Question

How do you graphically divide complex numbers?

Answer 1

Hint: These types of problems are pretty straight forward and are very simple to solve. We can go through the problem very quickly once we understand the underlying concepts of complex numbers. Complex numbers are generally represented as \[a+ib\] , here ‘a’ is the real part and ‘b’ is the complex part. The ‘i’ in this equation is known as iota and is generally used to represent complex numbers. Complex numbers can also be represented graphically, just like we can plot real numbers and equations in the coordinate plane, we can plot complex numbers in the argand plane. The argand plane consists of a real horizontal axis and an imaginary vertical axis. Any complex number in its polar form is represented by its distance from the origin and an angle which it makes with the real axis, known as argument. It is represented as \[r{{e}^{i\theta }}\] .

Complete step-by-step solution:
Now we start off with the solution to the problem by assuming two complex numbers, \[{{z}_{1}}={{r}_{1}}{{e}^{i{{\theta }_{1}}}}\] and \[{{z}_{2}}={{r}_{2}}{{e}^{i{{\theta }_{2}}}}\] . Now we divide these two complex numbers and we write,
\[\dfrac{{{z}_{1}}}{{{z}_{2}}}=\dfrac{{{r}_{1}}{{e}^{i{{\theta }_{1}}}}}{{{r}_{2}}{{e}^{i{{\theta }_{2}}}}}\] . Now we bring the denominator of the right hand side of the equation to the numerator and we write,
\[\Rightarrow \dfrac{{{z}_{1}}}{{{z}_{2}}}=\dfrac{{{r}_{1}}}{{{r}_{2}}}{{e}^{i{{\theta }_{1}}}}\times {{e}^{-i{{\theta }_{2}}}}\]
We now perform subtraction of the powers in the right hand side of the equation to get,
\[\Rightarrow \dfrac{{{z}_{1}}}{{{z}_{2}}}=\dfrac{{{r}_{1}}}{{{r}_{2}}}{{e}^{i{{\theta }_{1}}-i{{\theta }_{2}}}}\]
Taking ‘i’ common on the power we get,
\[\Rightarrow \dfrac{{{z}_{1}}}{{{z}_{2}}}=\dfrac{{{r}_{1}}}{{{r}_{2}}}{{e}^{i\left( {{\theta }_{1}}-{{\theta }_{2}} \right)}}\]
Thus we can clearly see that when we divide two complex numbers, the resultant complex number formed has argument as the difference of the two given complex numbers, i.e.\[{{\theta }_{1}}-{{\theta }_{2}}\] .

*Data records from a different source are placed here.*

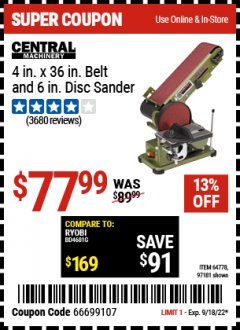 Harbor Freight Coupon 4" X 36" BELT/6" DISC SANDER Lot No. 64778/97181/5154 Expired: 9/18/22 - $77.99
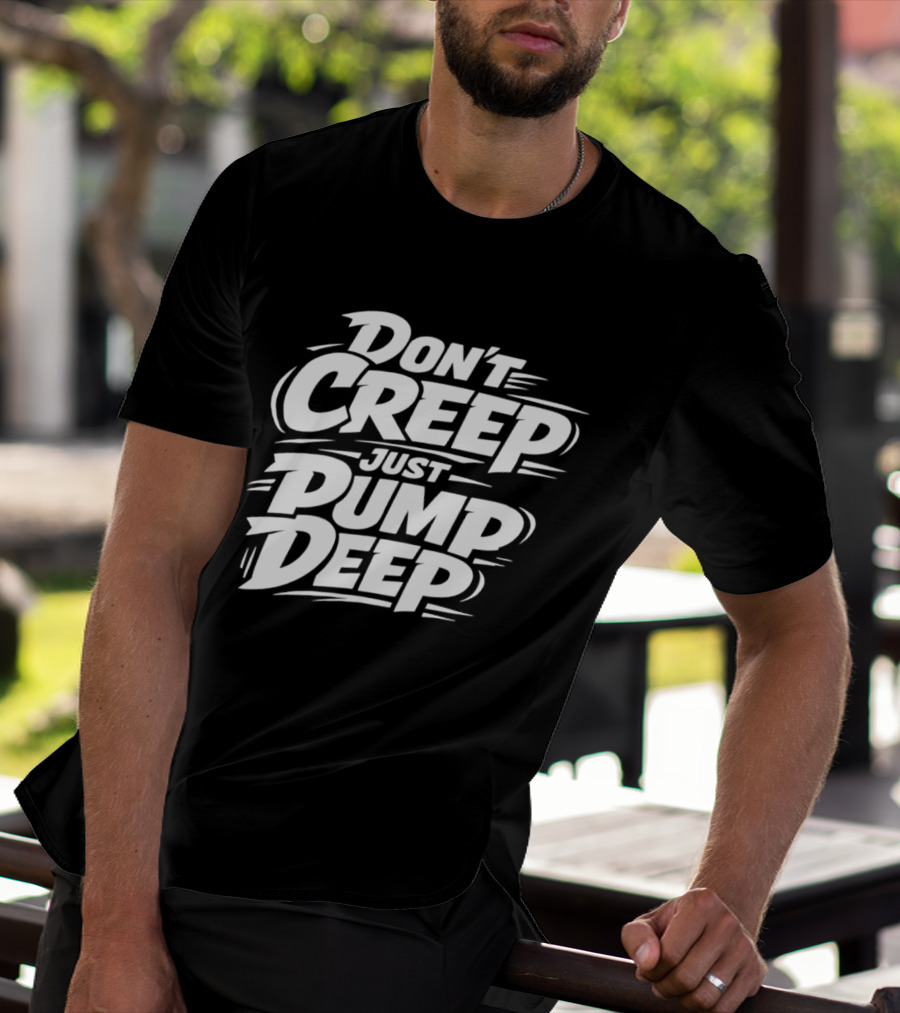Don't Creep Just Pump Deep Bold Motivational Lettering T-Shirt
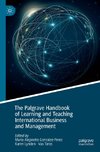 The Palgrave Handbook of Learning and Teaching International Business and Management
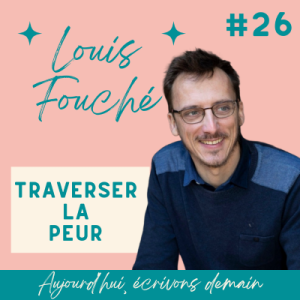 Vignette de Louis Fouché pour le podcast Aujourd'hui écrivons demain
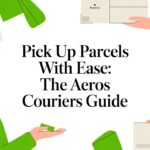 Pick Up Parcels with Ease: The Aeros Couriers Guide
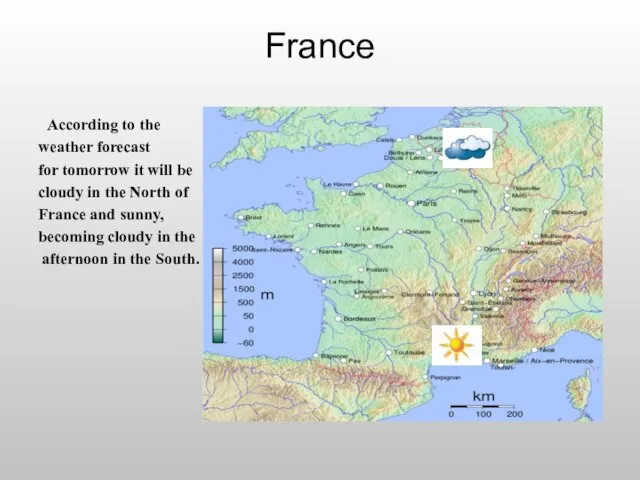 France According to the weather forecast for tomorrow it will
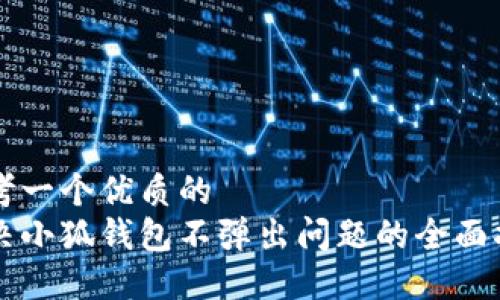 思考一个优质的  
解决小狐钱包不弹出问题的全面指南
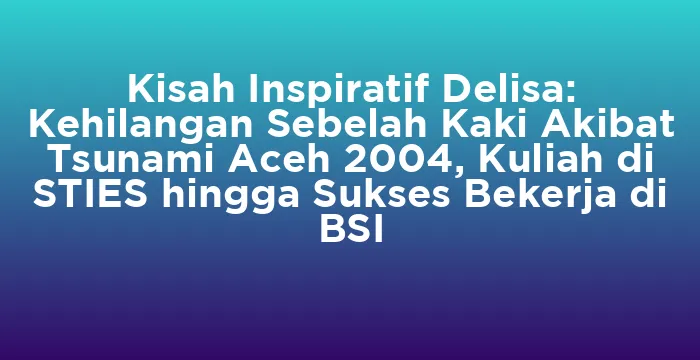 Featured image for Kisah Inspiratif Delisa: Kehilangan Sebelah Kaki Akibat Tsunami Aceh 2004, Kuliah di STIES hingga Sukses Bekerja di BSI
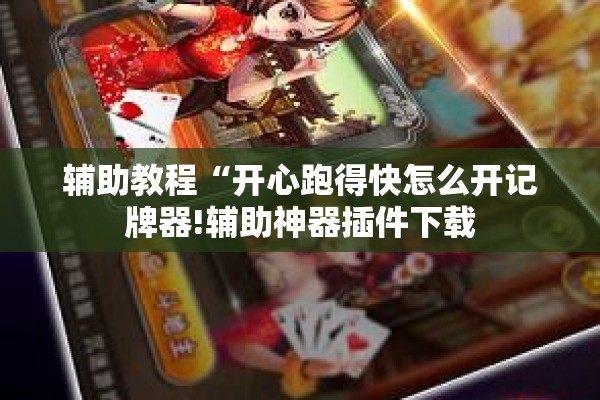 辅助教程“开心跑得快怎么开记牌器!辅助神器插件下载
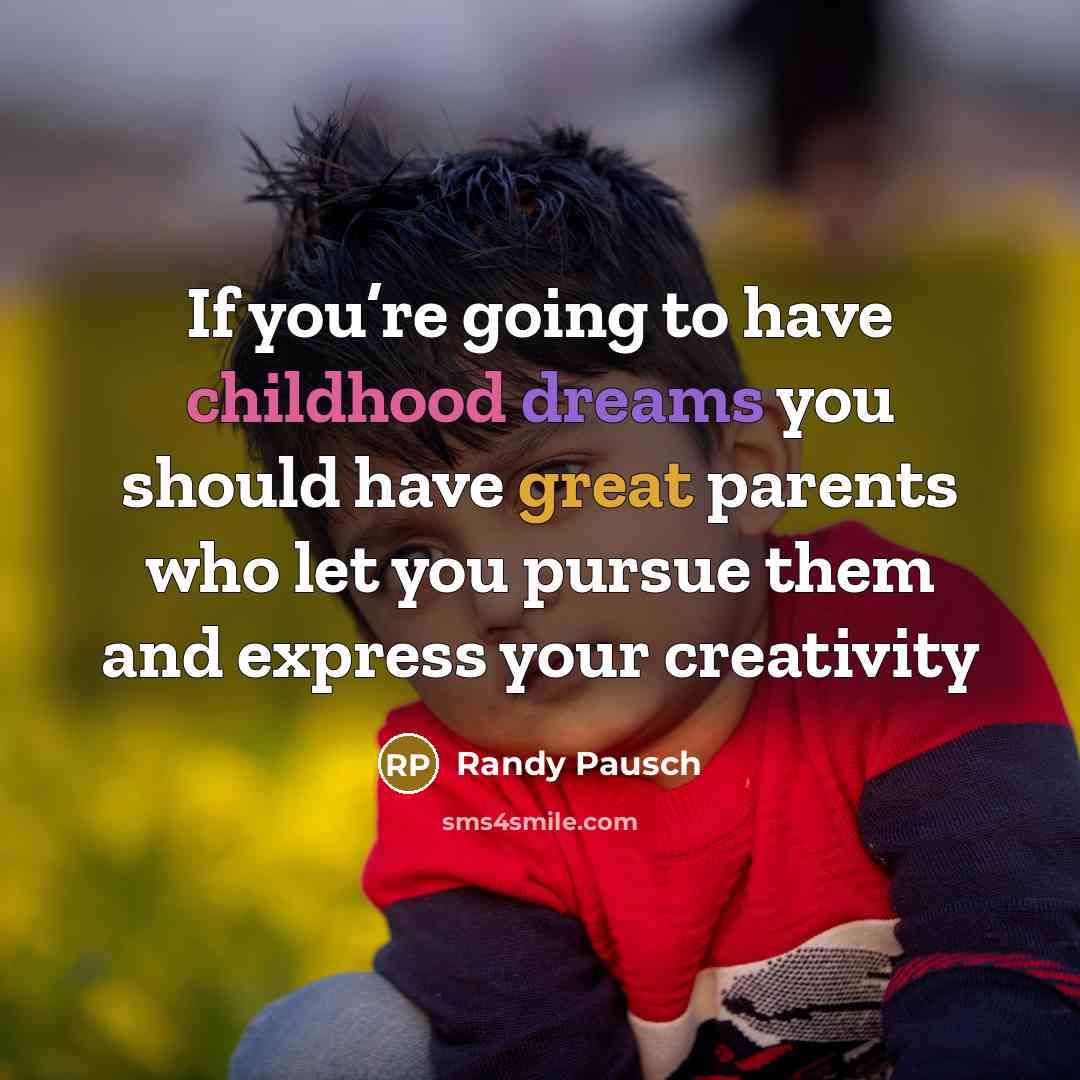 “If you’re going to have childhood dreams you should have…” quote by Randy Pausch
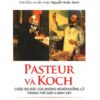 [Tải sách] Pasteur Và Koch – Cuộc Đọ Sức Của Những Người Khổng Lồ Trong Thế Giới Vi Sinh Vật PDF.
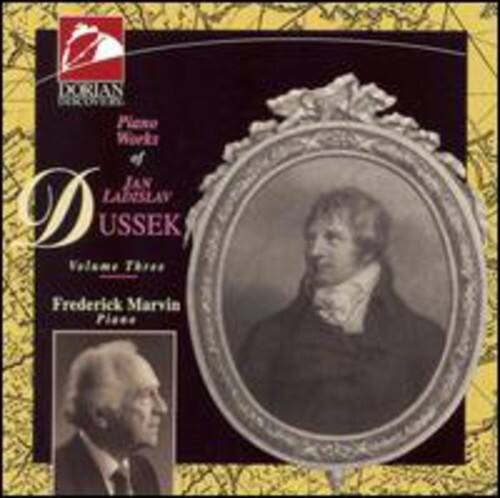 DORIAN MUSIC

Piano Works of Jan Ladislav Dussek  
Volume Three  
Frederick Marvin Piano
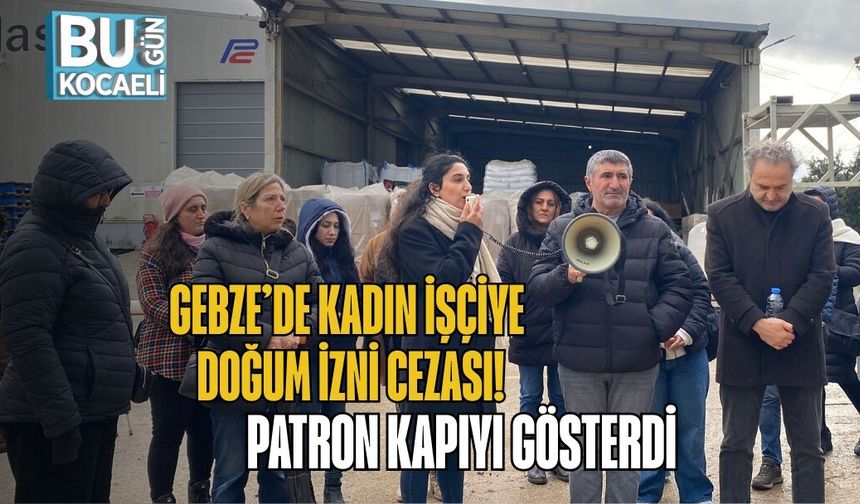Gebze’de Kadın İşçiye Doğum İzni Cezası: Patron Kapıyı Gösterdi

Note: Solving these problems is a pretty easy task. We must thus remember that when we multiply two complex numbers the resultant complex number formed has an argument as the sum of the arguments of the two given complex numbers. When we divide two complex numbers the resultant complex number formed has an argument as the difference of the arguments of the two given complex numbers. The magnitude of the resultant complex number however gets divided.